The long-running master data management program of Pacific Northwest National Laboratory comprises four main elements:
>> Data administration: Policies, processes, people, and tools (such as a data dictionary) help PNNL deliver authoritative, high-quality data resources, says CIO Jerry Johnson. This function defines the master data, eliminating redundant and nonauthoritative sources, and it ensures that data consumers know where to go for the "right" data for their applications and that they're authorized to have access.
>> Operational data store: PNNL established this source of reference data to avoid a performance hit on the main data store, provide a level of abstraction, and better manage access. For instance, information on employees is sourced in the agency's PeopleSoft HR system, but PNNL didn't want the time-reporting system dragging PeopleSoft to its knees each afternoon when 5,000 staffers recorded their daily time sheets, Johnson says.
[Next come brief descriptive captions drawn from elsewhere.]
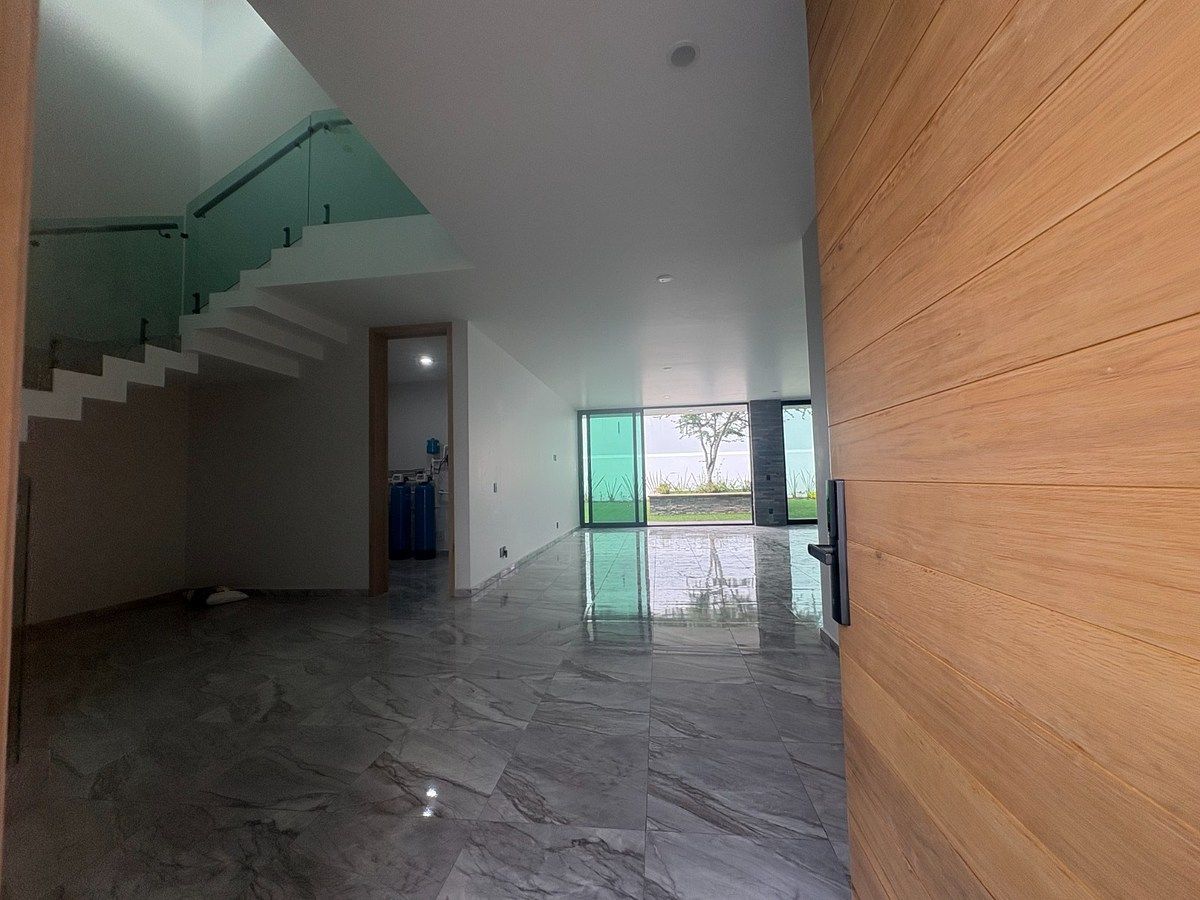 Casa en Cerro Del Tesoro, Tlaquepaque, foto 10 de 34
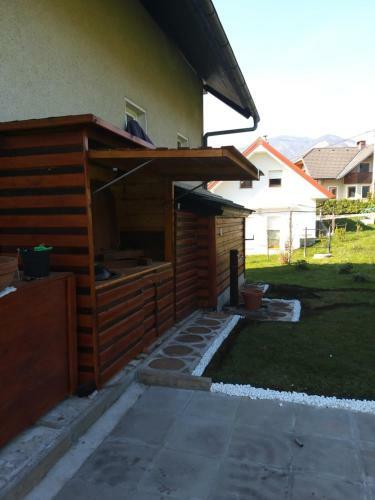 Holiday Home Na Vasi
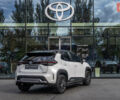 Белый Тойота Yaris Cross, объемом двигателя 1.49 л и пробегом 16 тыс. км за 30748 $, фото 19 на Automoto.ua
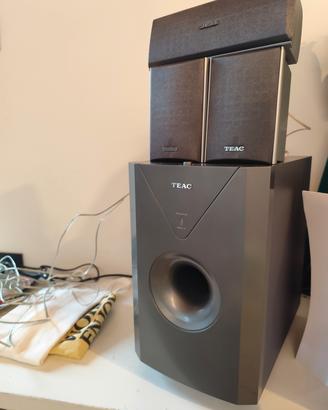 subwoofer 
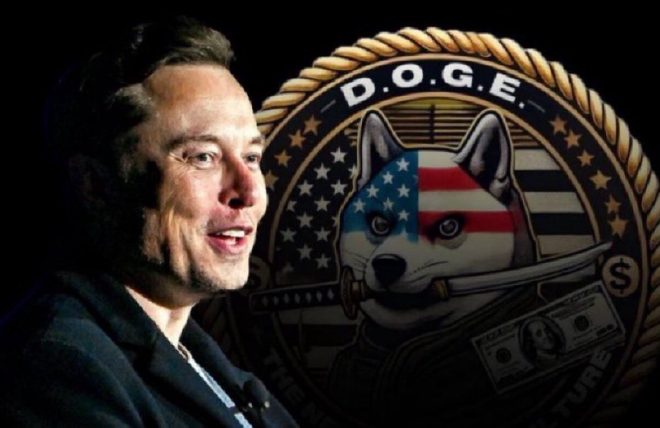 IRS, SEC & DOL Save Millions Thanks to DOGE: How? — DOGE financial news, tax savings 2025, government budget cuts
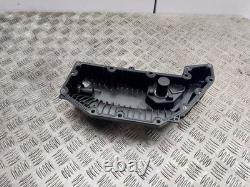 Mercedes Benz C Class W205 2.1 Diesel Engine Oil Sump Pan A6510100713 2016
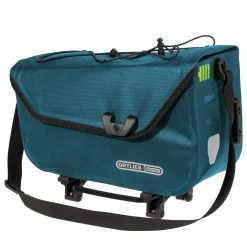 Ortlieb E-Trunk E-Bike-Gepäckträgertasche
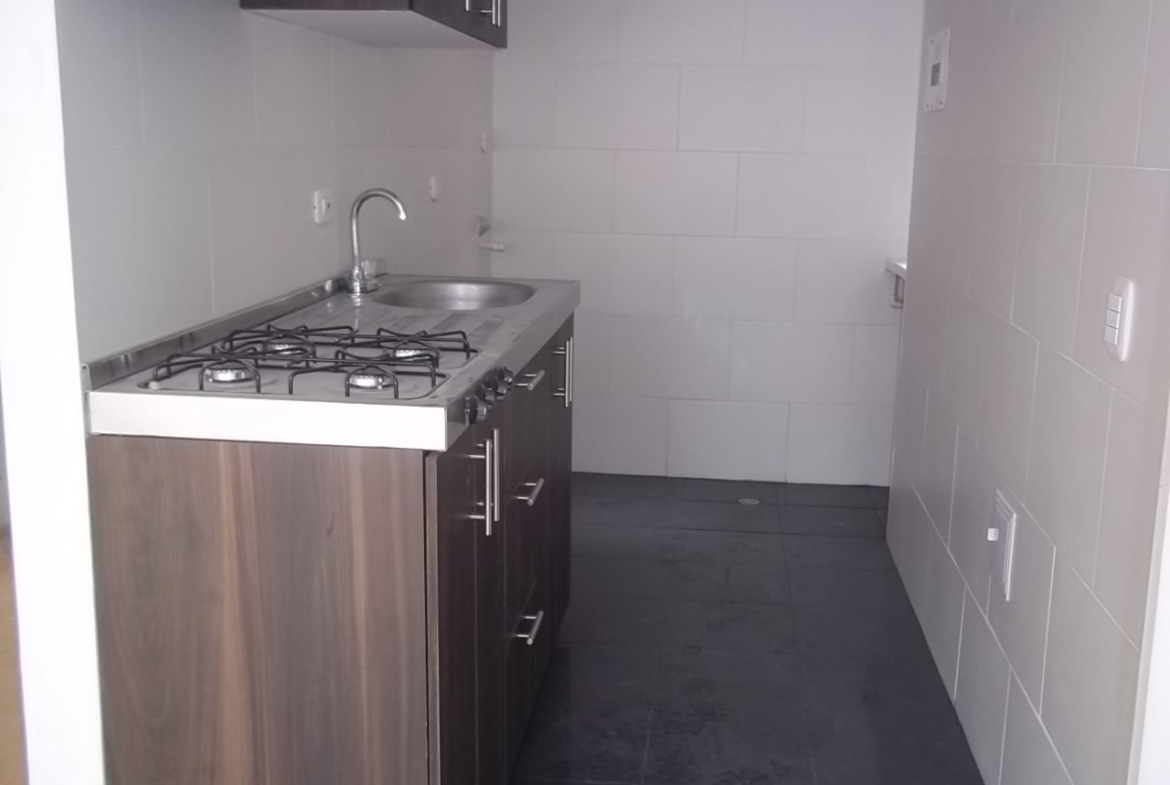 Arriendo apartamento Conjunto Canelo PH.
And the agency didn't want to have to update its time reporting system every time it did a PeopleSoft upgrade. Consequently, reference data like this is accessed by dependent transactions systems through an operational data store.
>> Data marts: PNNL established these sources of data for reporting to reduce the impact on transaction source systems and increase security, but also to improve response times and help with reporting.
>> Data warehouse: Contains transaction data from many systems. It supplies data to PNNL's operational data stores and data marts and is a single source for more detailed or ad hoc analyses of business data.
Quality And Consistency
Johnson says the main benefits of this architecture revolve around quality and consistency. PNNL doesn't need to do duplicative data entry, and the system is easy for developers to use; they simply write relational queries. It also enabled PNNL to deliver relatively painless application integration. "The operational data store allowed us to adopt a philosophy of implementing 'best in class' applications for each business function," he says. While this seemed like a win at the time, eventually PNNL ended up supporting more than 300 off-the-shelf and custom apps. That complexity has driven up maintenance costs.
In addition, delays in populating operational data stores delays business processes. "We initially refreshed HR data into the operational data store nightly," says Johnson. "But that meant that a new employee was not visible to reliant systems until the next day, so they couldn't have a computer account provisioned or begin their online training on their report day. As you begin to shorten the refresh times more and more, the impact on the transaction systems, and the cost of intermediate processing through the data warehouse, begin to exceed the cost and impact of having reliant systems simply access the source transaction system."
Johnson suggests having Web services deliver reference data from source transaction systems to the systems that consume the data. Because IT controls these services, you can modulate their impact on the transaction system, manage security, and provide a level of abstraction that protects consumer systems from changes in source systems. PNNL focused on siloed business processes and applications, then glued them together through data management. "We're paying the price for that," Johnson says, "and are now working to understand, model, and optimize our core business processes and the data they need."